What this task involves - Drop every picture, then repeat the records exactly.

Dataset excerpts -

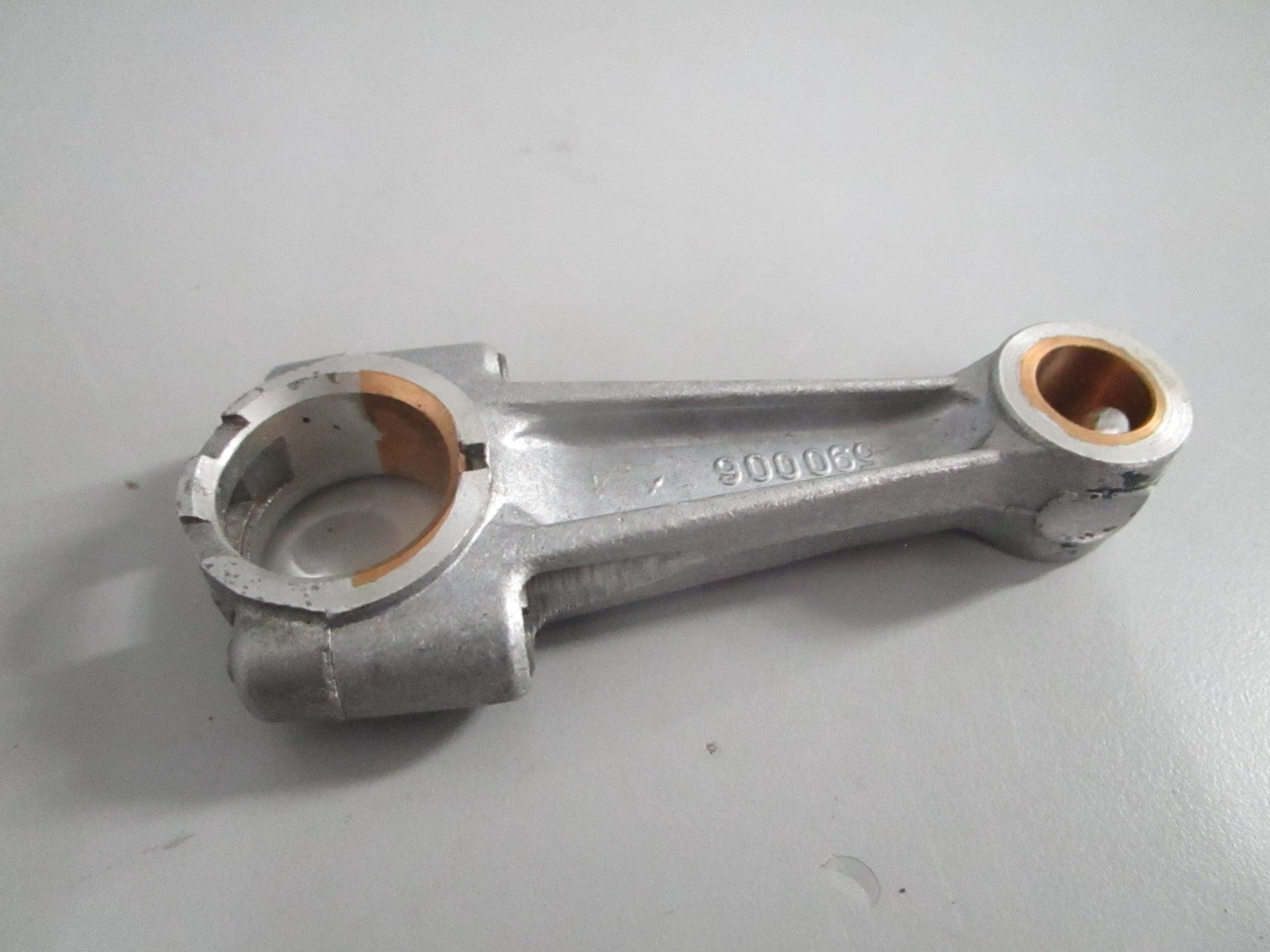 NEW OEM 590007 0590007 OMC Johnson Evinrude Connecting Rod 0820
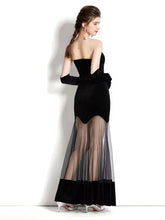 Load image into Gallery viewer, Black Velvet Mesh Tulle Evening Dress with gloves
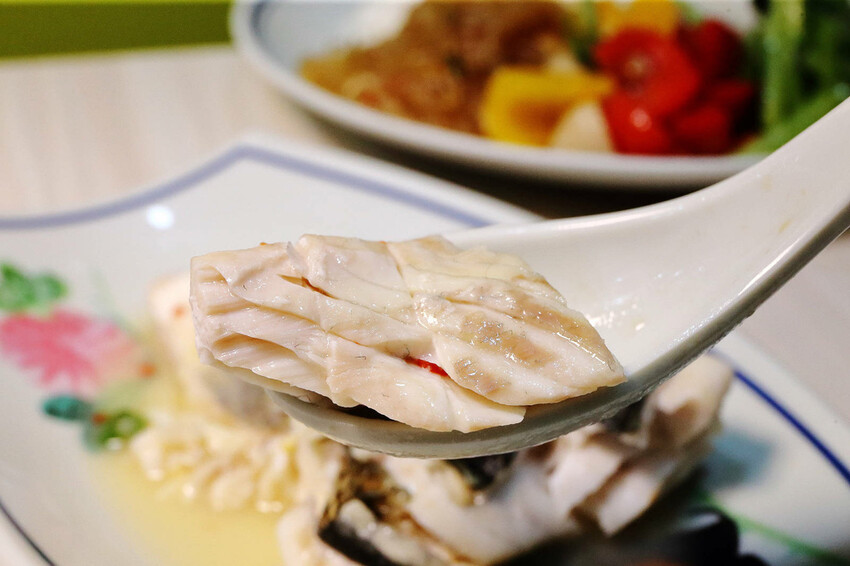 新莊超好吃海南雞飯推薦!好吃雞海南雞飯,雞肉鮮嫩多汁、金黃米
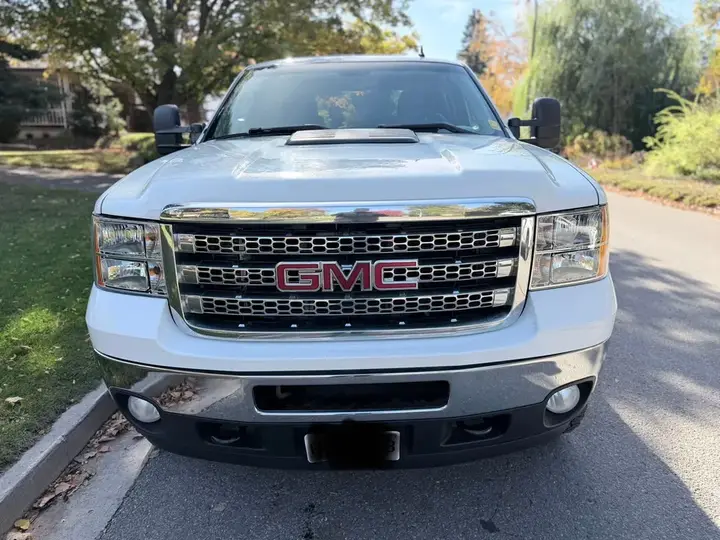 GMC Sierra 3500Hd 2012 photo 2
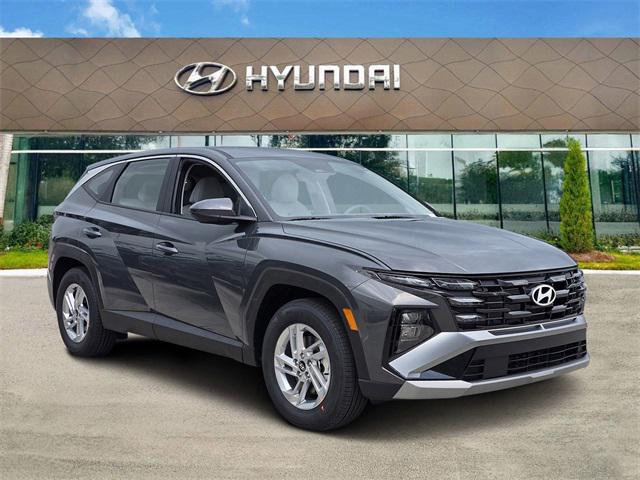 2026 Hyundai Tucson SE's photo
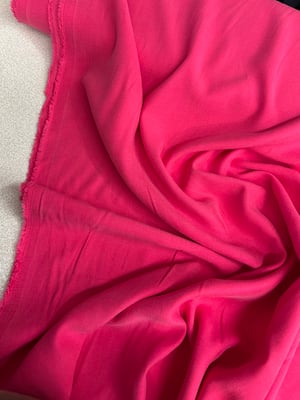 Tensel Gabardin Doku Dökümlü Kumaş Fuşya Pembe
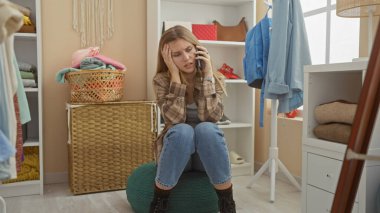 Karmaşık giyinme odasında gergin bir kadın, stresi, kararları ya da kişisel tarzını yansıtıyor..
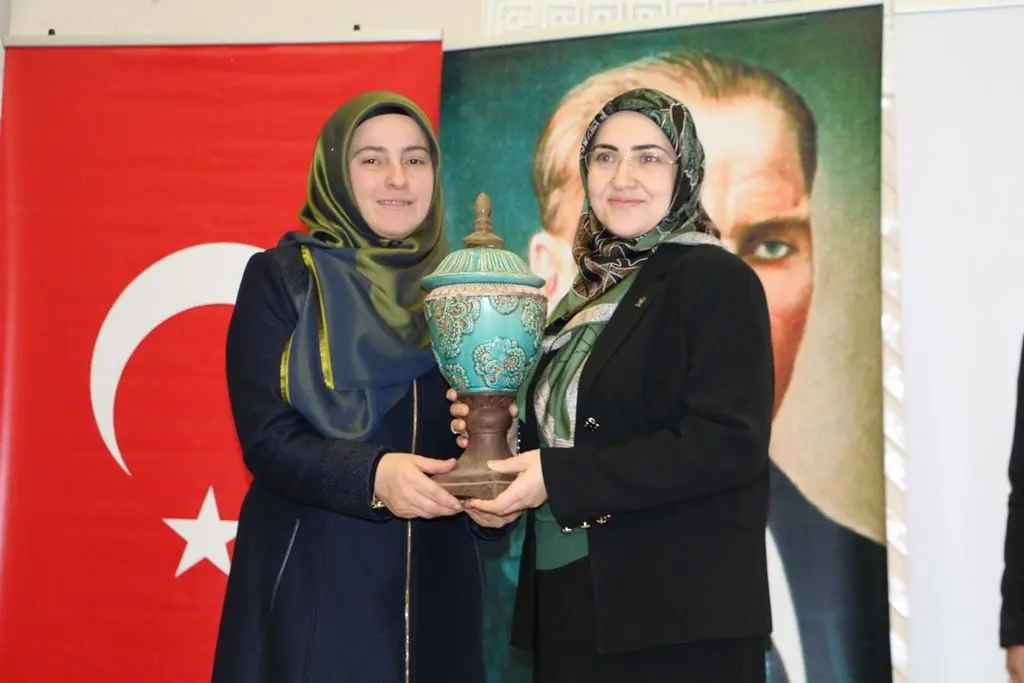 Haber: Ak Parti Hendek’te Emine Tosun Güven Tazeledi - Galeri-3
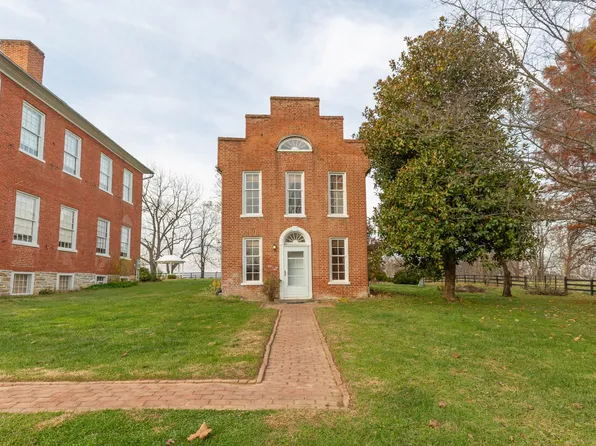 562 Smithfield Ln, Berryville, VA 22611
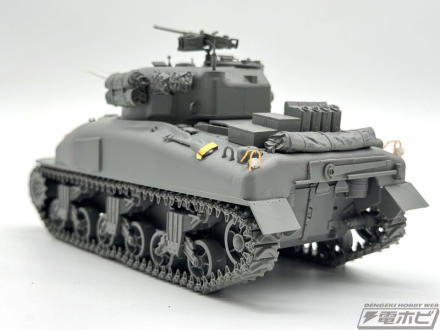 １／３５アメリカ軍シャーマン後期型戦車プラモデル完成品 アメリカ軍戦車「M4A1シャーマン 後期型」の1/35スケール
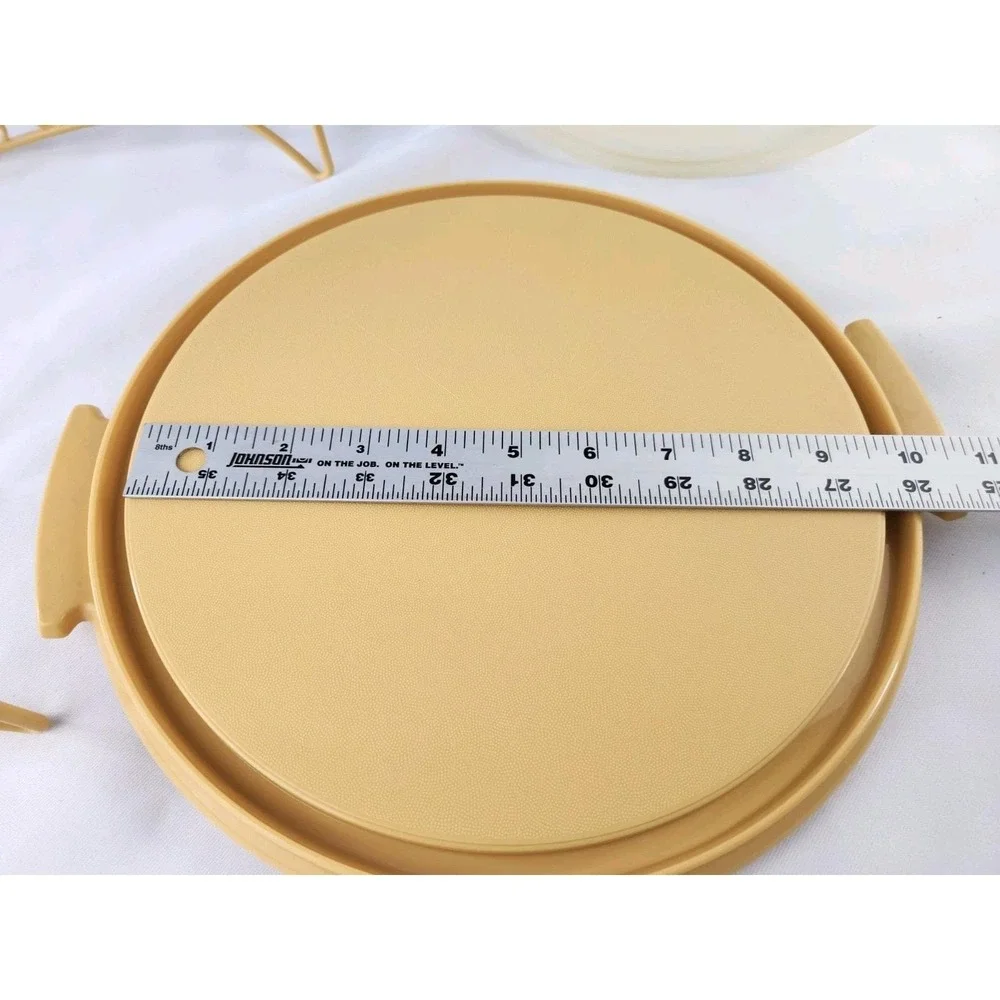 Tupperware this vintage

Output -
 NEW OEM 590007 0590007 OMC Johnson Evinrude Connecting Rod 0820
 Load image into Gallery viewer, Black Velvet Mesh Tulle Evening Dress with gloves
 新莊超好吃海南雞飯推薦!好吃雞海南雞飯,雞肉鮮嫩多汁、金黃米
 GMC Sierra 3500Hd 2012 photo 2
 2026 Hyundai Tucson SE's photo
 Tensel Gabardin Doku Dökümlü Kumaş Fuşya Pembe
 Karmaşık giyinme odasında gergin bir kadın, stresi, kararları ya da kişisel tarzını yansıtıyor..
 Haber: Ak Parti Hendek’te Emine Tosun Güven Tazeledi - Galeri-3
 562 Smithfield Ln, Berryville, VA 22611
 １／３５アメリカ軍シャーマン後期型戦車プラモデル完成品 アメリカ軍戦車「M4A1シャーマン 後期型」の1/35スケール
 Tupperware this vintage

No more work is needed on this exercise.